When ArcMap and Printing Company are used in the same sentence, clouds start forming which soon turns a into storm with lightening and thunder.  It's a problem that has several solutions on a spectrum of your experience, willingness, and final print quality desired.  

 

On one end of the spectrum you will rebuild the map using design software (Adobe's Illustrator works well) so you can convert colors to CMYK and use a much richer design toolbox.  On the other end of the spectrum you should export your maps to a high resolution raster file and then convert to PDF, though you all have no control over the RGB to CMYK shifting and details like good typography and anti-aliasing will be sacrificed.

 

Cartography careers have been made on the process you are engaged in.  Good luck. 


co-cartographic creator of boringmaps.com


#3
David Medeiros

David Medeiros

    Hall of Fame

  • Moderator
  • PipPipPipPipPipPipPip
  • 1,312 posts
  • Gender:Male
  • Location:Redwood City CA
  • Interests:Cartography, wood working, wooden boats, fishing, camping, overland travel, exploring.
  • United States

Is your printing company explicitly requesting PDFs? Typically they'd want either a high quality raster like Matthew suggested (usually a 600 dpi CMYK tif), or an EPS file.
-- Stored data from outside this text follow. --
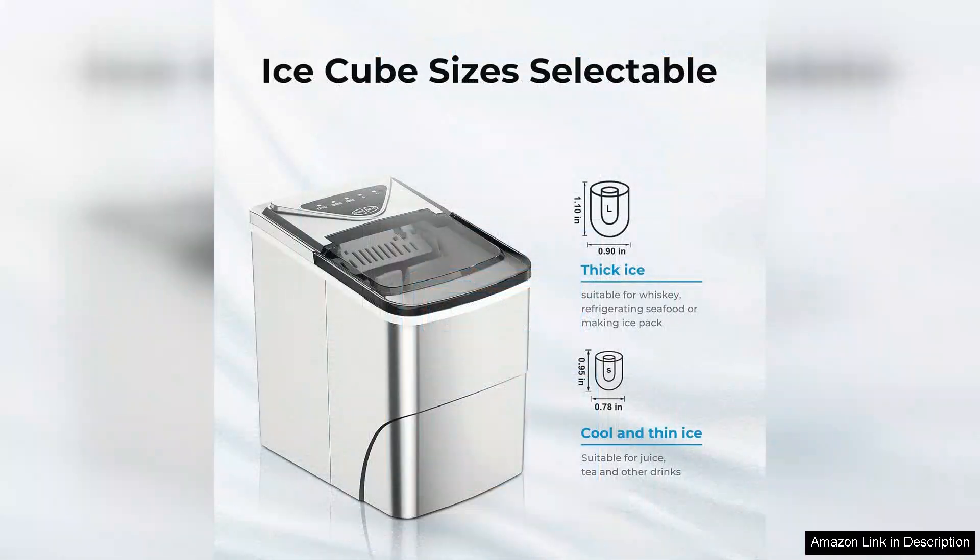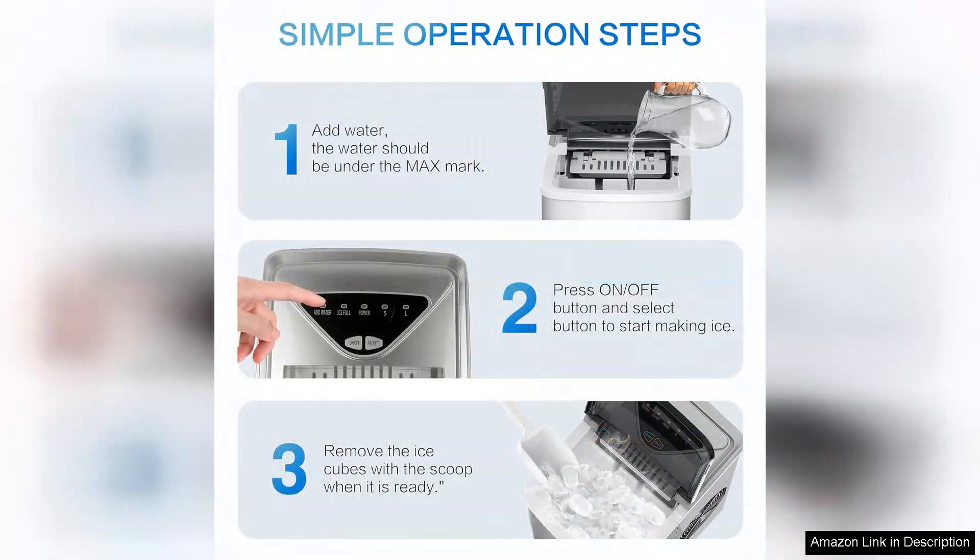One of the standout features is its self-cleaning function. This is a huge plus for me as I often dread the maintenance that comes with appliances. With just the press of a button, it takes care of the cleaning, ensuring that the ice remains pure and fresh. The transparent lid also allows you to monitor the ice making process, which I found quite satisfying.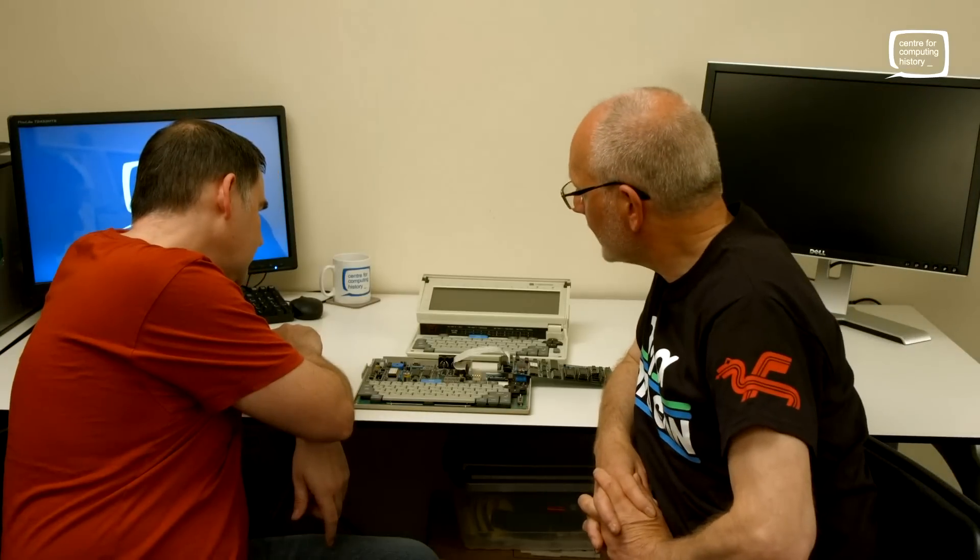Obviously we've got the keyboard at the front. We have an interesting little chip here with a piggyback EEPROM on it — that looks like the 6305, which is basically an I/O processor. So that would handle the I/O side of things. And then the Z80 is probably over here on the other board.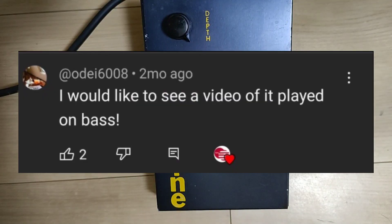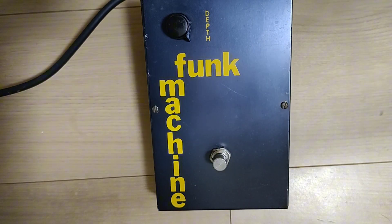Hey guys, so I got a comment quite a while back on trying out this Funk Machine with a bass, so I finally got around to that. I have a Gibson 1991 Thunderbird 4, I believe. And let's go ahead and see what it sounds like.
I don't know about 9.2 but current versions of ArcMap export direct to EPS.


GIS Reference and Instruction Specialist, Stanford Geospatial Center.

www.mapbliss.com
@mapbliss

#4
Dennis McClendon

Dennis McClendon

    Hall of Fame

  • Validated Member
  • PipPipPipPipPipPipPip
  • 1,172 posts
  • Gender:Male
  • Location:Chicago
  • Interests:map design, large-scale maps of cities
  • United States

I'd like to hear from others who do a lot of print work, but it's been a long time since I was asked for anything other than a PDF.  I tend to consider EPS a deprecated format because of the problems that can arise with calls to fonts not resident locally.

 

For a big map like the OP mentions, I tend to export my raster stuff in one JPEG file, and my vector linework in another Illustrator file, and then put them together in InDesign and export the PDF from that.  Of course, I would do some tweaking (a lot of tweaking) to the Illustrator file to be sure colors are CMYK definitions, text blocks are complete, number of points isn't excessive, etc.  The frames Arc puts in both files makes registration of the two a snap, and InDesign writes good PDF code that printers are happy with.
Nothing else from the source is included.